This caused a lot of fights. To be named as a WPA guy meant you were on government welfare, and you were going to get made fun of. Now if you moved far enough away, there’d be a new bunch of kids who didn’t know you, and the taunts would start all over again. Tell you the truth, though, in those days, plenty of kids’ parents were on the WPA—maybe the kids just didn’t know it.

I remember our neighbor Mr. Reinhard Bartels also worked for the WPA. It was at his house that I met Bus and Elva Gottula’s son Eugene. He was visiting his cousin Don Bartels. Eugene, Don, and I were six or seven years old at the time. This was the beginning of a lifelong friendship.

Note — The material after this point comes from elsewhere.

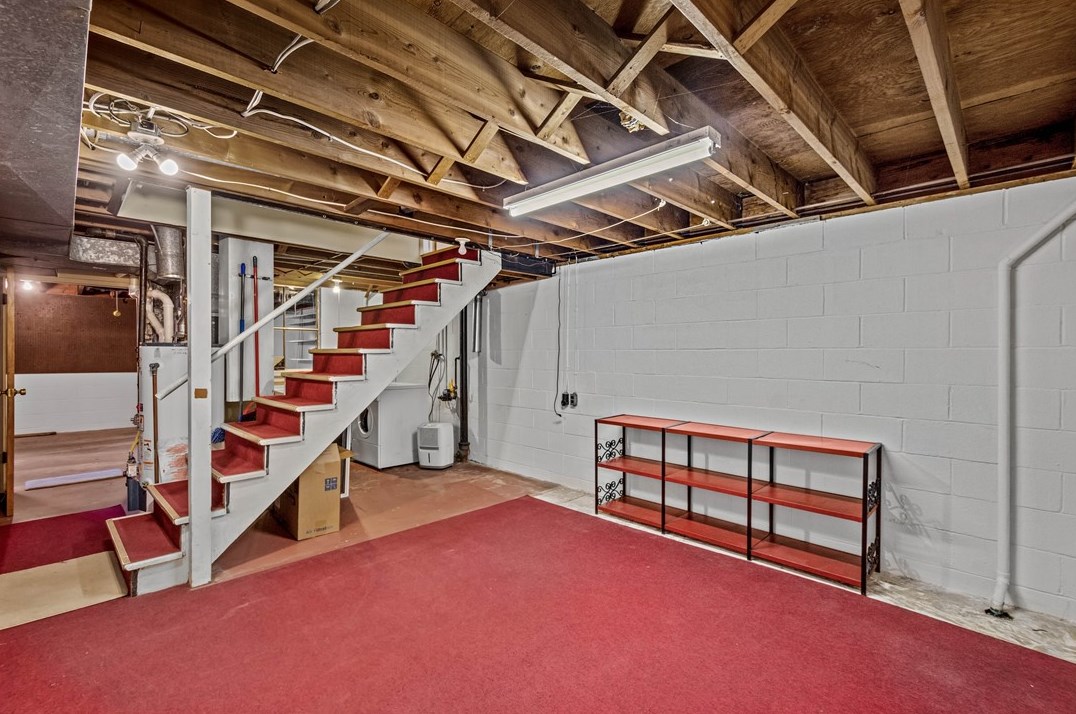 1435 Donnan Ave, Washington PA 15301-1742 exterior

When we moved from farm to farm, it was usually within about a twenty-five-mile radius. From Filley, Nebraska, to Beatrice, it was just ten or fifteen miles. When I went to Virginia, Nebraska, that was a different direction, but it was all of twelve miles. Bill would know more about Diller and the distance because he was the only one at home at that time. He went to school there. That town was the farthest away and that was twenty-five miles.

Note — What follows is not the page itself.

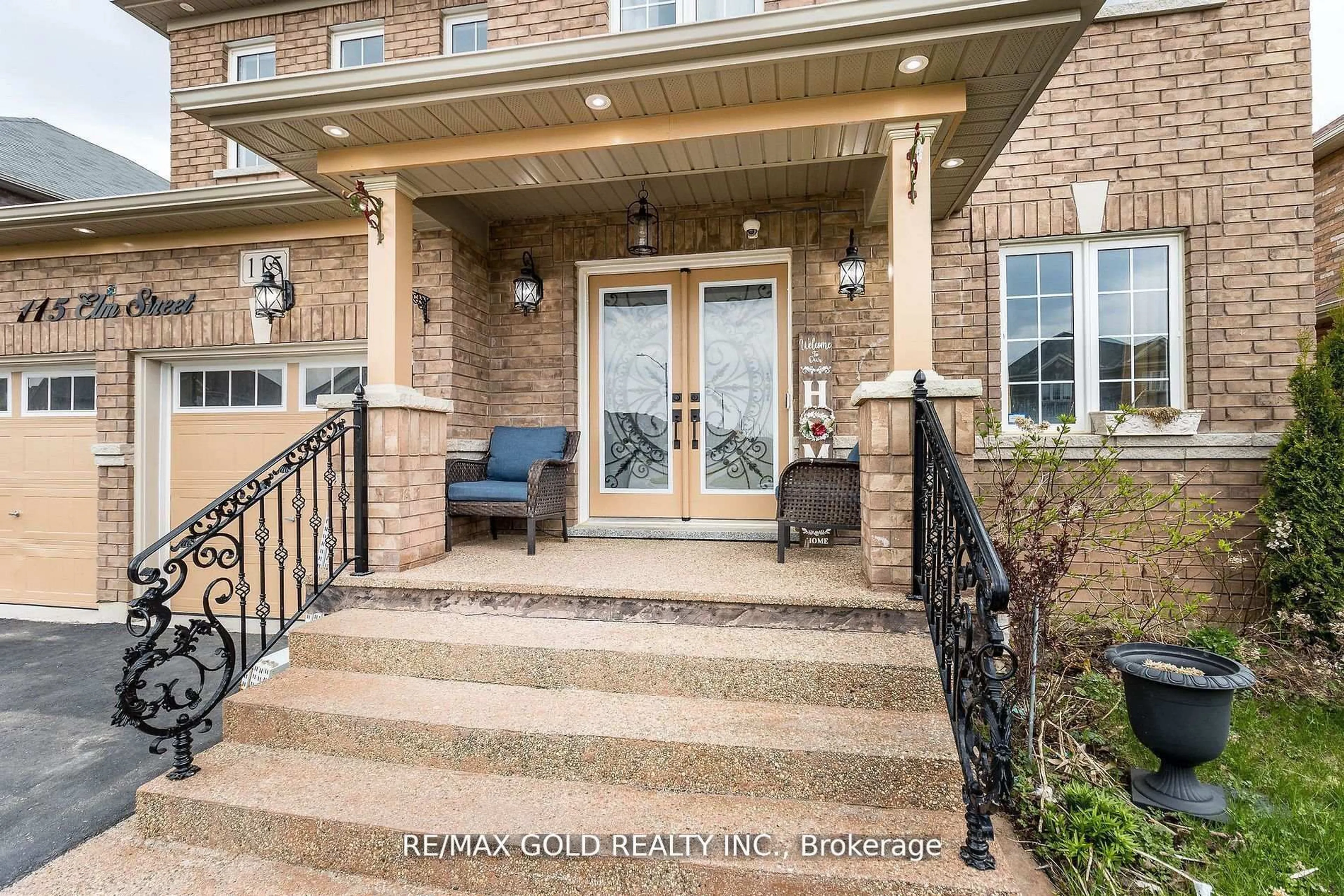 Indoor entryway for 115 Elm St, Southgate Ontario N0C 1B0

O’Dell and Pawnee City would be the next two farthest away, I suppose.

We lived mostly in white, two-story farmhouses. Some home owners tried to make improvements to their houses—mostly using cheap paint to try to make them look better. The main thing most families had in common was being poor. Homes back then weren’t built with any amenities. Most weren’t insulated and the windowpanes were just thin glass. There was no way to keep heat in and cold out. You were either sweating from the heat of the potbelly stove inside or shivering from the cold coming in.

Feathers are very warm. We’d sleep on a very thin mattress with a feather bed three or four inches thick on top of it. Then we’d have another feather bed on top of us, as well. But in rural places where we lived, we got a lot of snow every winter. And if there was a real bad blizzard, the snow would come in through the windows, and we’d wake up in the morning with snow on top of our feather bed.

In the mornings, because the fire had just gotten started when we got up, it sure felt cold. We’d stand as close as we could to that potbelly stove to get dressed. On real cold days, it didn’t take long to go to the bathroom in the outhouse out back!

To get through the winter, we would start cutting down trees for firewood at the end of the summer and continue until winter started. We’d pile it near the house so we could get it inside in a hurry. We had to make sure we had enough to get through the winter.

Getting all seven of us kids bathed at one time and having enough hot water for everybody was not easy. Of course, very, very few homes had running water then. We had to go out to the windmill and pump water to fill our pails and then carry them to the house. I saw my mother out there pumping water so many times that it made me feel bad.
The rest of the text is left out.